Nope, not going to talk about the big league club. Not going to win, didn’t do anything at the deadline to move the club in a positive direction for the future. Enjoy playing out the string, everybody. In fact, if I could come up with a way to not write about the big league team for the rest of the season, I might do it. Most likely, that will last until about this coming Wednesday, though. So give my pouting the amount of regard it calls for, which is frankly not very much.
In the meantime, however, I will talk about one of the more positive aspects of the 2017 season: the draft class. Admittedly, the 2017 draft class for the Cardinals doesn’t come without some caveats in terms of how positive it can really be; the hacking penalties put the Cards and Randy Flores behind the eight ball, and ensured there was a fairly hard ceiling on how much they could get done. Within the confines of all that, though, Flores and his department did one of the more remarkable jobs I think I’ve seen of acquiring talent.
So let’s update the performances so far of a few notable draftees just starting out their pro careers, shall we?
Rd. 3 — Scott Hurst, OF
Level: State College (Short Season)
134 PA, .299/.376/.470, 9.7% BB, 22.4% K, 2 HR, 8 2B, 3 3B, .171 ISO, 4/6 SB, 149 wRC+
So far, Scott Hurst is off to pretty much exactly the kind of start one would hope to see from him. One of the most, if not the most, dynamic talents the Cards grabbed on draft day, Hurst has shown some power, some speed, patience at the plate, and generally loud contact the majority of the time.
The strikeouts are a little higher than I would have hoped, but that seems to be the case with most of the Cardinal hitters even in the minors these days. To be fair, though, it’s Hurst’s first pro season, he’s playing later than ever before, and seeing better competition than he’s ever faced. Still, when I looked at him in college at the time of the draft, I thought he should run a sub-20% strikeout rate in the pros. So far, he’s above that, though not terribly so. Still, with a walk rate close to 10% you don’t worry as much about the strikeouts.
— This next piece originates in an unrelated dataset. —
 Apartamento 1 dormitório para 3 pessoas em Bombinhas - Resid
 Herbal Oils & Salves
He’s running a very high BABIP (.384), but anecdotally from the one or two sources I have who have seen him play for the Spikes, he’s also just hitting the hell out of the ball. The higher of the two short season leagues the Cardinals run, State College was a slightly aggressive assignment for Hurst, considering how much time he missed with back/spine issues in college, but so far both the stats and the eye tests suggest he’s a little too good for the level. Very encouraging.
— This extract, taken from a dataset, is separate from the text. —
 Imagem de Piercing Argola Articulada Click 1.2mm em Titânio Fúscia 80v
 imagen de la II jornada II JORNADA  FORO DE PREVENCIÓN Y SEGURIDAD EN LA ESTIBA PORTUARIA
Rd. 4 — Kramer Robertson, SS/2B
Level: Peoria (Low A)
116 PA, .255/.293/.373, 3 HR, 5/8 SB, 87 wRC+, 5.2% BB, 19.0% K
Scott Hurst’s placement at State College felt aggressive, but not overly so, and he has so far looked as if the organisation’s faith was well placed. Kramer Robertson, on the other hand, was placed even more aggressively as a college senior, sent straight to full-season Peoria, and at least to this point it looks like the placement may have been a little too aggressive.
To be fair, Robertson did come out of the gate quickly; in his first seven games he hit .367 with a couple home runs. After that, though, the former LSU Tiger found the going much tougher as a professional, particularly during a 3-for-33 tailspin to close July. He’s hit well so far in August, but suffice it to say Robertson has not come out and put himself on the fast track just yet. Considering he’ll turn 23 in a couple months, he should absolutely start no lower than Peoria next year, and should really move up to Palm Beach if he wants to get on any kind of prospect age track. We’ll have to see if the organisation believes him ready for that challenge, though.
Rd. 5 — Zach Kirtley, 2B
Level: State College
119 PA, 15.1% BB, 20.2% K, .082 ISO, .233 BABIP, 89 wRC+
Kirtley, product of the same St. Mary’s program that brought the Cardinals the perpetual power tease of Patrick Wisdom, is in many ways the exact opposite of his fellow alum. Wisdom is a high-quality defender at third, with power to spare but poor contact skills and atrocious discipline. Kirtley, on the other hand, is all patience and discipline, with modest pop, questionable quality of contact (at least so far), and no real defensive home.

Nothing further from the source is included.